中世ヨーロッパの歴史的な技法を現代に受け継ぐ、ハワイ在住画家noguchi氏の癒しアート

2022.08.30

ハワイ在住の日本人アーティストの中でも、ハワイ生まれで世界一となった画伯の最後の弟子となり、 独特なスタイルで作品を描き続けるnoguchi氏。アメリカ前大統領ビル・クリントン氏を始め、アメリカや日本のセレブリティーにも好まれ、ハッピーパレット、癒しのアートと言われている。

1991年から絵を描き始めたnoguchi氏は、ハワイで運命の出会いとなった浦上正則画伯に師事し、ヨーロッパの絵の世界を学んだ。「ダ・ヴィンチ技法」を受け継いだ浦上画伯の削り技法を継承したnoguchi氏は、油絵で絵を描いた後にアート用のナイフを使い、絵を削って作品を仕上げていく。

noguchi氏の師匠である浦上画伯は、1918年ハワイ生まれ。5歳から坂本繁二郎や児島善三郎など日本を代表する画家たちに学び、パリを中心にアート活動を行いピカソとも交流があった。そしてイタリア全土を周って、とある教会の倉庫に保管されていた多数の未完成のレオナルド・ダ・ヴィンチの絵を研究し、「ダ・ヴィンチ技法」を継承。

この技術を使って時代を超えた独自の手法を発展させた浦上画伯の作品は、フランス最高峰の国展ル・サロンやニース展で大賞を受賞した。そして、ニース展でもグランプリを受賞。当時世界最高峰と言われていたフランスの国展などで大賞を受賞した浦上画伯は、名実ともに世界ナンバーワンの画家となったのだった。

フランスで活躍後は、ブラジルへ移住。ブラジリア最高裁判所壁画を完成し、ブラジル政府より平和勲章を授受した。また法隆寺の壁画の模写も行い、日本での個展では現在の天皇が皇太子時代にお見えになるなど、世界で活躍した日本人画家である。

浦上画伯の晩年は、ハワイに拠点を移して後継の指導にあたった。子供達に絵を教えている聞いた当時20代のnoguchi氏は、浦上画伯に会いに行き、最後の弟子となったのであった。

ピカソと交流のあった浦上画伯は、noguchi氏に絵の指導をする際にもピカソとのエピソードを多く語ってくれたそうだ。ピカソは、「私の仕事は世の中にない形や色を創ることだ」と言い、見たものをそのまま写実的に描くことは多くの画家ができるが、そうではなく見たものをどのように形を変え、角度を変え、色を添えて自分らしく表現して描くことが真の画家の仕事だと浦上画伯に話したという。
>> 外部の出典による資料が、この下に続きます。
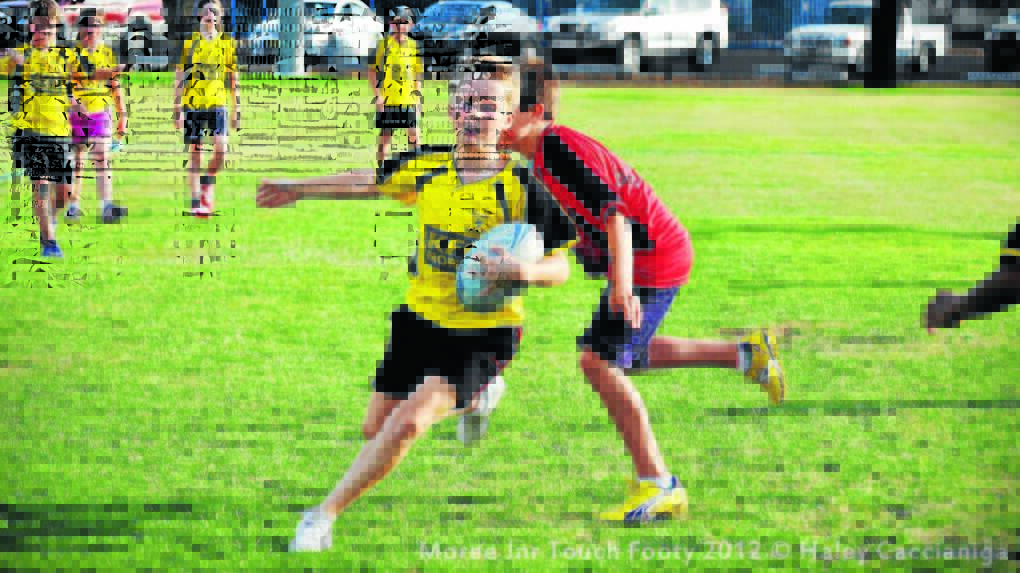 Braith Rodhe running with the ball during the 2012 junior touch football competition.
「カメラがない時代は肖像画が画家の仕事でした。しかし、カメラが登場した時点でその役目は終わり、 『写真では表現できないものを描く』ことが新しい画家の役目となったと先生は教えてくれました。

先生は、子供の頃から児島画伯などが付いて絵を学んできた経験から、『絵の基本が崩せない』とよく言っていたました。僕はそういうベースがなかったのと、先生が自由に描かせてくれたので、自由に絵を描き、先生から可愛がっていただきました」とnoguchi氏は懐かしそうに語ってくれた。
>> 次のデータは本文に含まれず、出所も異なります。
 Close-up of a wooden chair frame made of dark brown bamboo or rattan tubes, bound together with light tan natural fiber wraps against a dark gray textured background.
20代後半から絵を学んだnoguchi氏だったが、浦上画伯が認めたnoguchi氏の作品が、2003年にハワイ美術院展で大賞を受賞。以後、有名ホテルのガイドブックやウェディング、旅行業界のアートを手掛けるなど多くの作品を提供し、日本での個展やイベントにも出店するなど精力的に活動を続けている。

noguchi氏のゴールは、恩返し。

「一通りいろいろやってきて、楽しかったし良かったので恩返ししたいですね。ハワイに暮らさせてもらえたことなど、アートを通じてハワイの良さを伝えていきたいです」

ハワイで素晴らしい先生に巡り合え、発表するアートもハワイあってのもの。「ハワイあってのnoguchiだから」と感謝を忘れない。世界を股にかけ、レオナルド・ダ・ヴィンチの技法を受け継いだ浦上画伯の削り技法をメインに、ますます広がりを見せるnoguchi氏のユニークなアートの世界を是非チェックしてください!